- Entries taken from a collection -

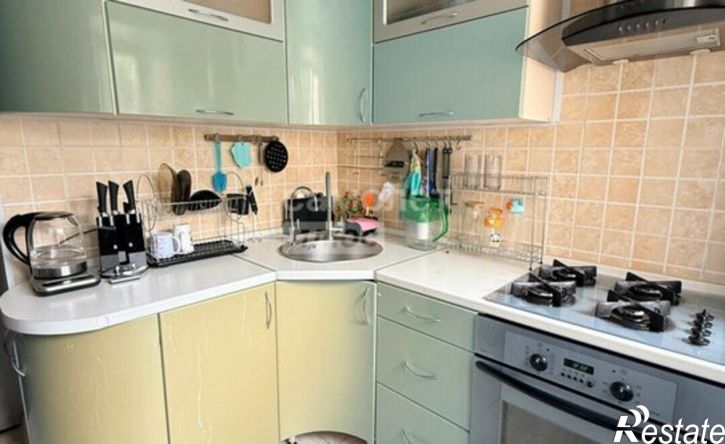 3-комн квартира ул Парижской Коммуны, 5Б,  д. 5Б
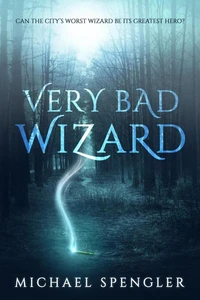 Very Bad Wizard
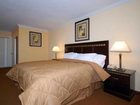 фото отеля Comfort Inn & Suites Bell Gardens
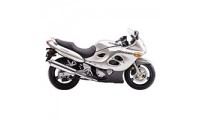 Suzuki GSX750F Katana Fairings Canada Suppliers
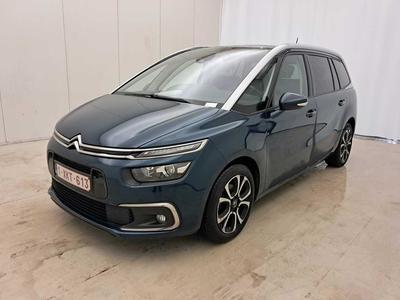 Citroen C4-SpaceTourer Grand C4 SpaceTourer Business Lounge 1.5BlueHDi S/S 130cv 5p, 2020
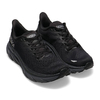 HOKA ONE ONE CLIFTON 8 BLACK/BLACK 1119394-BBLC画像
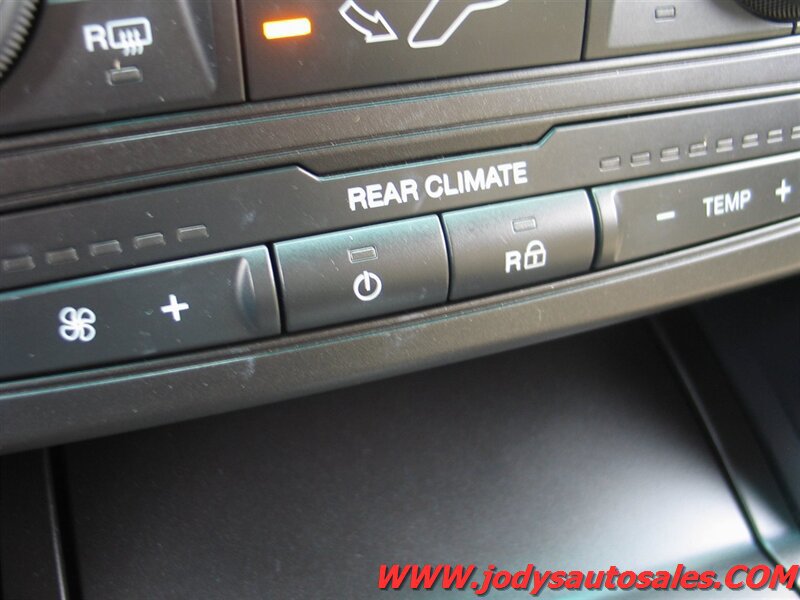 Used 2017 Ford Explorer 4WD image 22
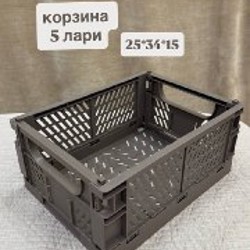 Ваза для цветов - фото 2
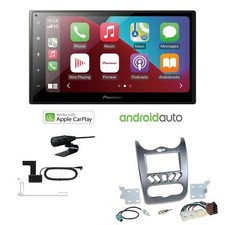 Pioneer Radio Android Auto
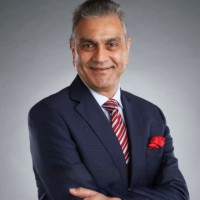 Yatish Desai
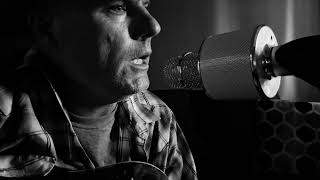 Hank Williams Sr.- The Old Log Train- Chris Hart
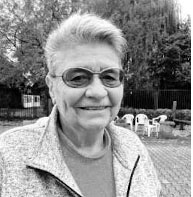 Nachruf: Wir trauern um Anita Welz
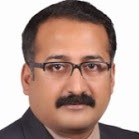 Impressico Business Solutions Employee Sanjay Nandecha's profile photo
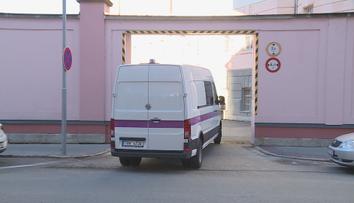 Policie prošetřovala vloupání do domu. Na místě ji překvapil nečekaný zvrat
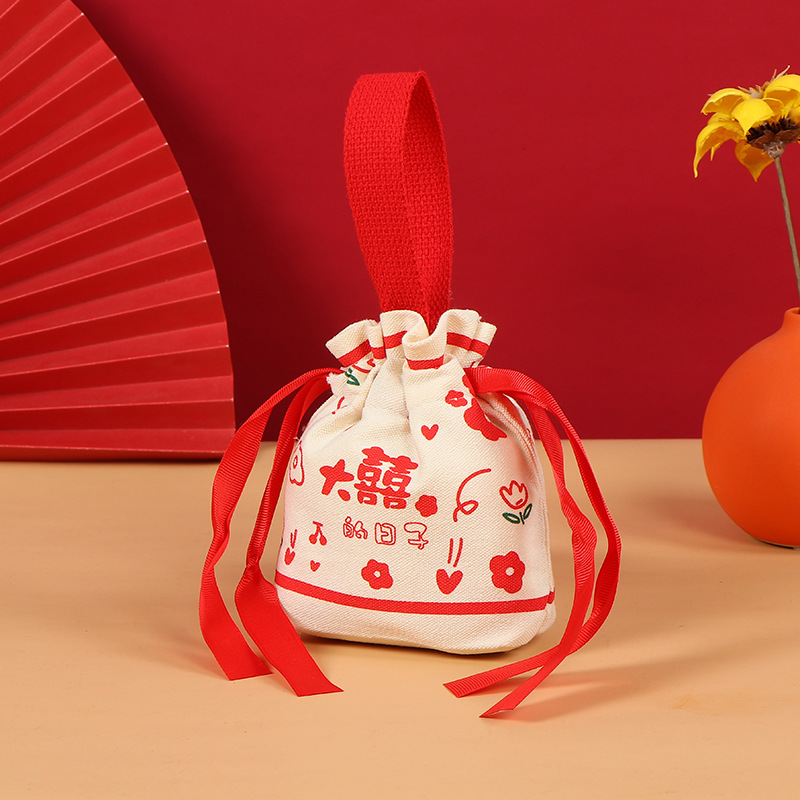 큰 날 [결혼 특별]; [스몰 사이즈 재고] 16*15*5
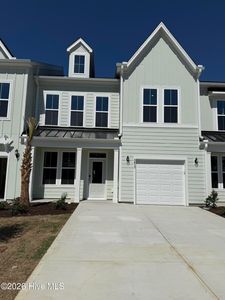 5613 Palm Tree Place, Leland, NC, 28451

- Problem details -
I'd like the entries above repeated exactly, but without any of their pictures.

- Exercise response -
 3-комн квартира ул Парижской Коммуны, 5Б,  д. 5Б
 Very Bad Wizard
 фото отеля Comfort Inn & Suites Bell Gardens
 Suzuki GSX750F Katana Fairings Canada Suppliers
 Citroen C4-SpaceTourer Grand C4 SpaceTourer Business Lounge 1.5BlueHDi S/S 130cv 5p, 2020
 HOKA ONE ONE CLIFTON 8 BLACK/BLACK 1119394-BBLC画像
 Used 2017 Ford Explorer 4WD image 22
 Ваза для цветов - фото 2
 Pioneer Radio Android Auto
 Yatish Desai
 Hank Williams Sr.- The Old Log Train- Chris Hart
 Nachruf: Wir trauern um Anita Welz
 Impressico Business Solutions Employee Sanjay Nandecha's profile photo
 Policie prošetřovala vloupání do domu. Na místě ji překvapil nečekaný zvrat
 큰 날 [결혼 특별]; [스몰 사이즈 재고] 16*15*5
 5613 Palm Tree Place, Leland, NC, 28451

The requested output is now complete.